> _WHAT THE EXERCISE ASKS_
Set down the data below from its first line to the line holding "Women's white slim", inclusive; omit all pictures.

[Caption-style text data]
-=-=-

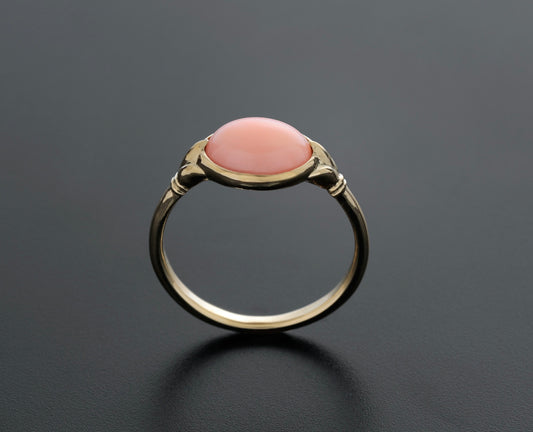 Angel skin coral solid 14K gold Lotus Ring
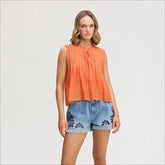 Sleeveless Tuck Tank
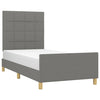 Stella Homewares Bed Frame without Mattress Dark Grey 107x203 cm King Single Size Fabric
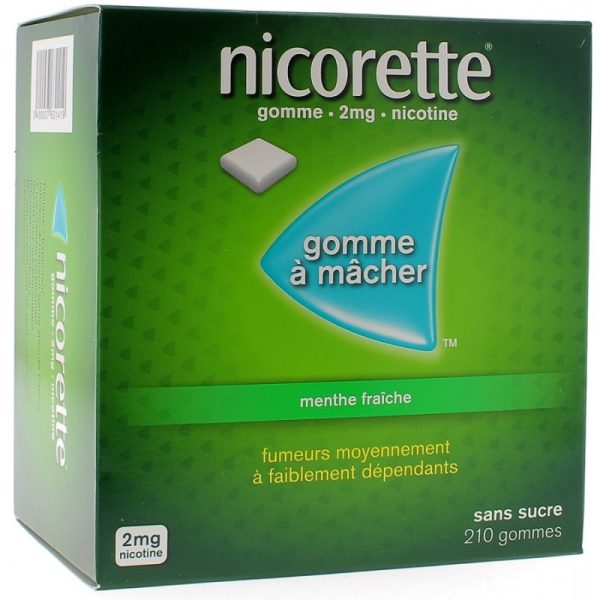Nicorette gum 2mg Fresh Mint, sugar-free, 210 pieces, designed to aid in smoking cessation.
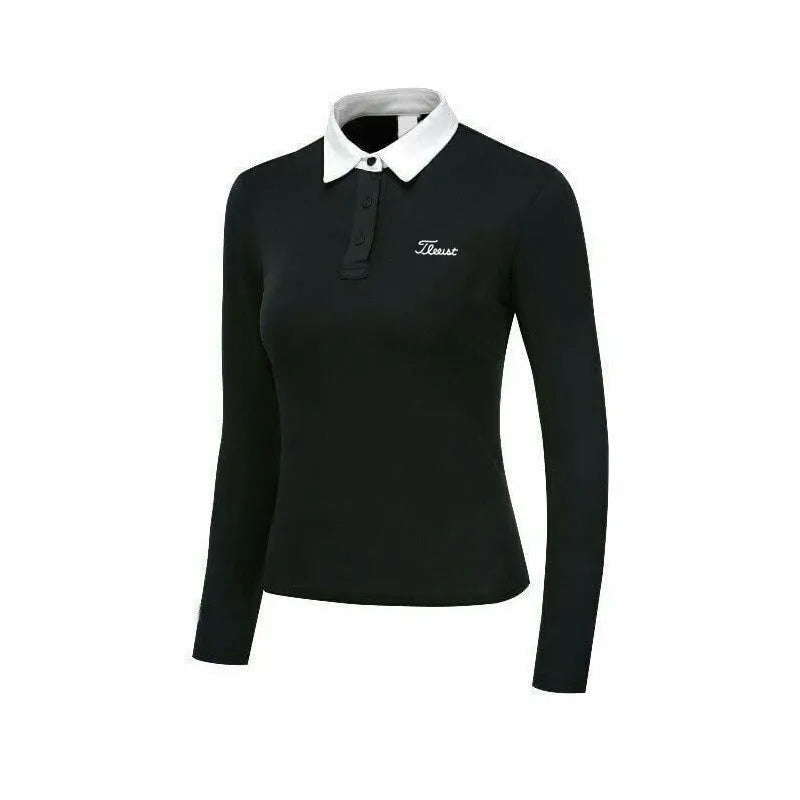 Women's white slim fit long sleeve polyester golf top on a hanger.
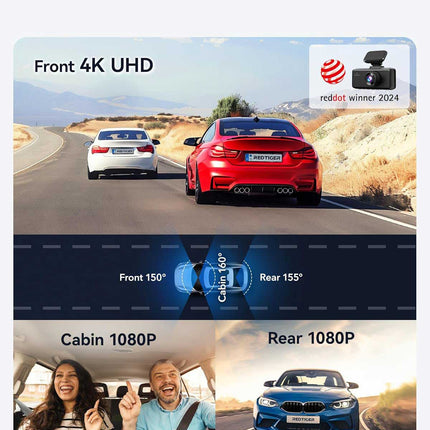 Redtiger F17 3CH 4K Wifi GPS 64gb dashcam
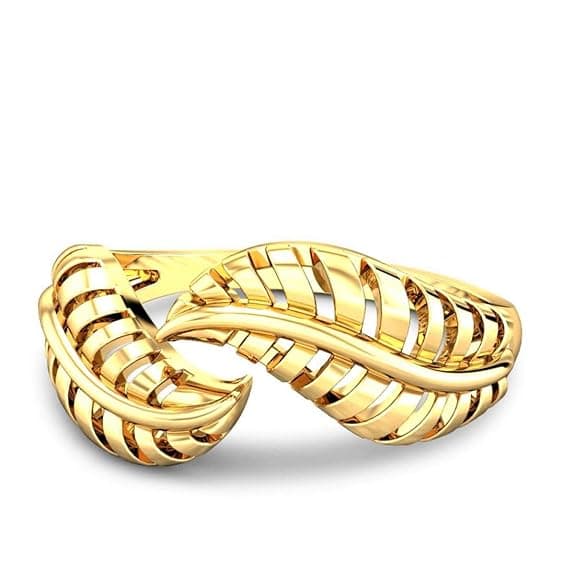 Radiant Gold Twin Leaf Bypass Ring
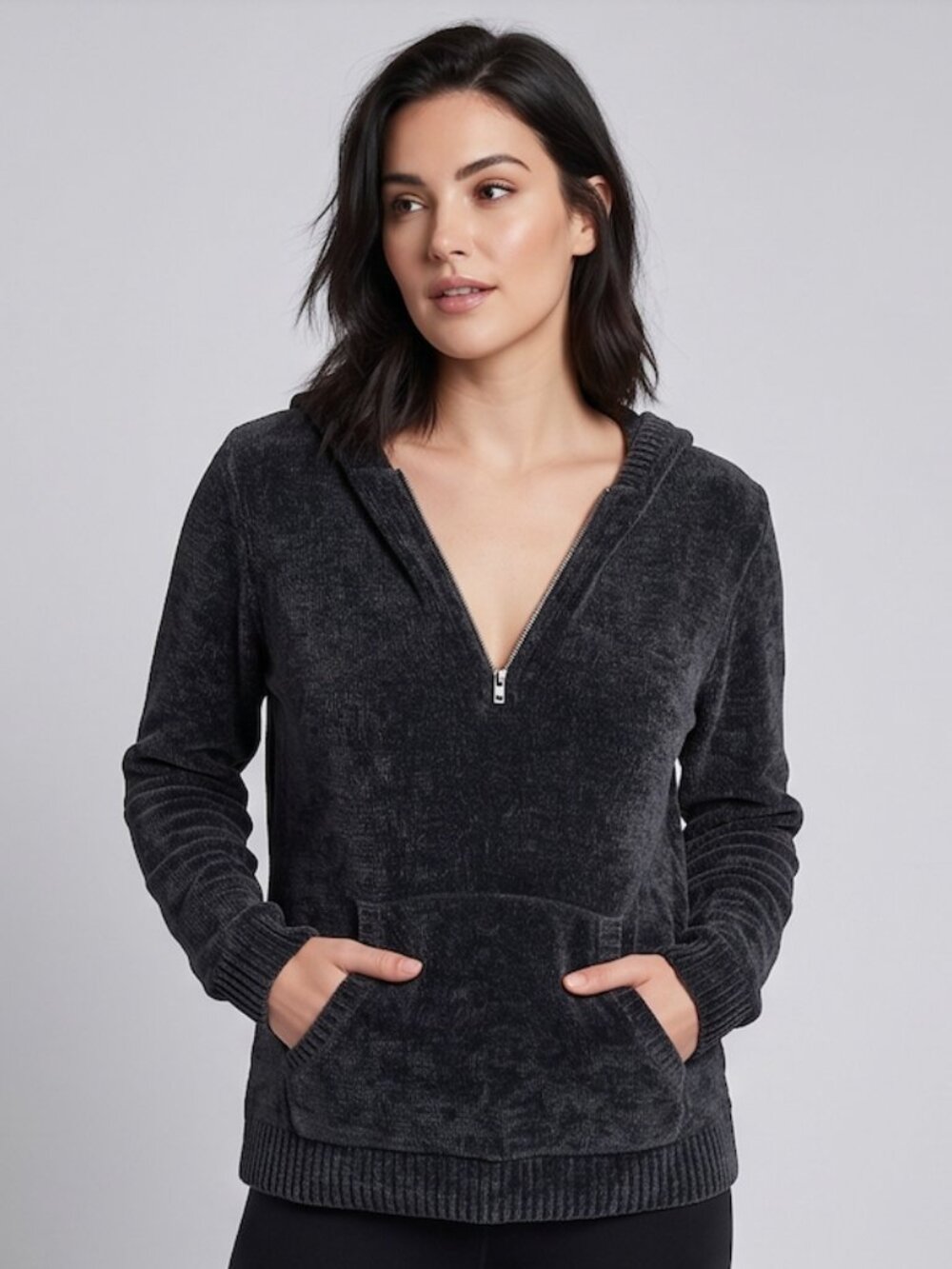 Plush Chenille Knit Half-Zip Pullover Hoodie |  Black Kangaroo Pocket Sweater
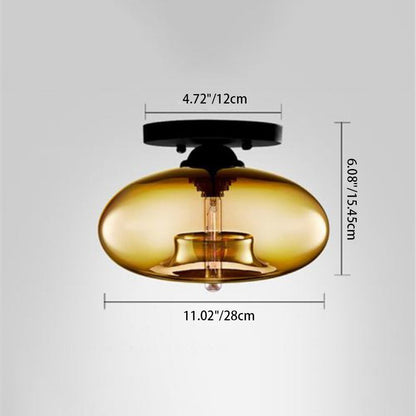 Contemporary Creative Flat Oval Iron Glass 1-light Semi-flush Mount Ceiling Light for Living Room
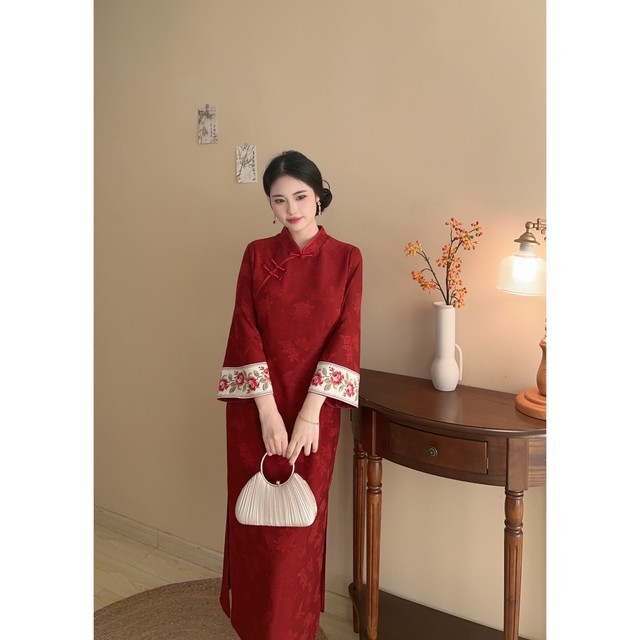 Cinnabar New Chinese Style Red Engagement Large Size Fat mm Cheongsam Embroidered Dress Toast Wear Jacquard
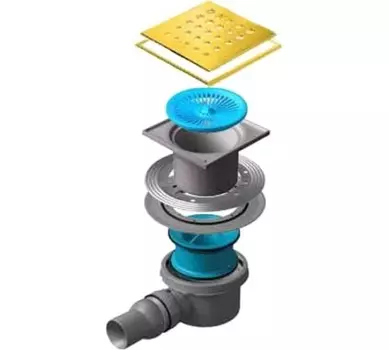 Душевой трап Pestan Confluo Standard 15х15 Drops Gold (13000132)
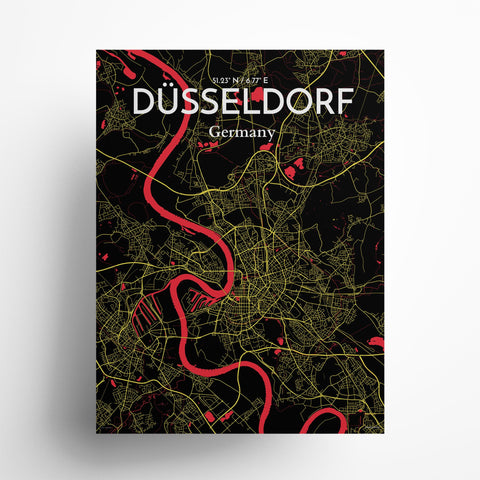 Dusseldorf City Map Poster – Detailed Art Print of Dusseldorf, Germany for Home Decor, Office Decor, Travel Art, and Unique Gifts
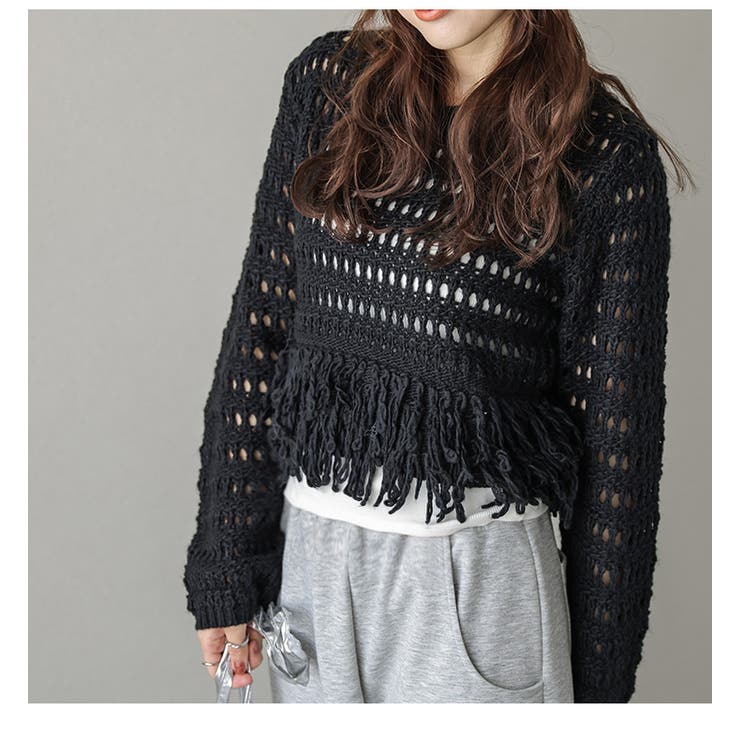 ニット フリンジ 透かし編み | AMELY | 詳細画像13 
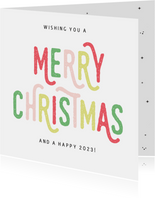Weihnachtskarte 'Merry Christmas' bunt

-=-=-

> _WORKED SOLUTION_
 Angel skin coral solid 14K gold Lotus Ring
 Sleeveless Tuck Tank
 Stella Homewares Bed Frame without Mattress Dark Grey 107x203 cm King Single Size Fabric
Nicorette gum 2mg Fresh Mint, sugar-free, 210 pieces, designed to aid in smoking cessation.
 Women's white slim fit long sleeve polyester golf top on a hanger.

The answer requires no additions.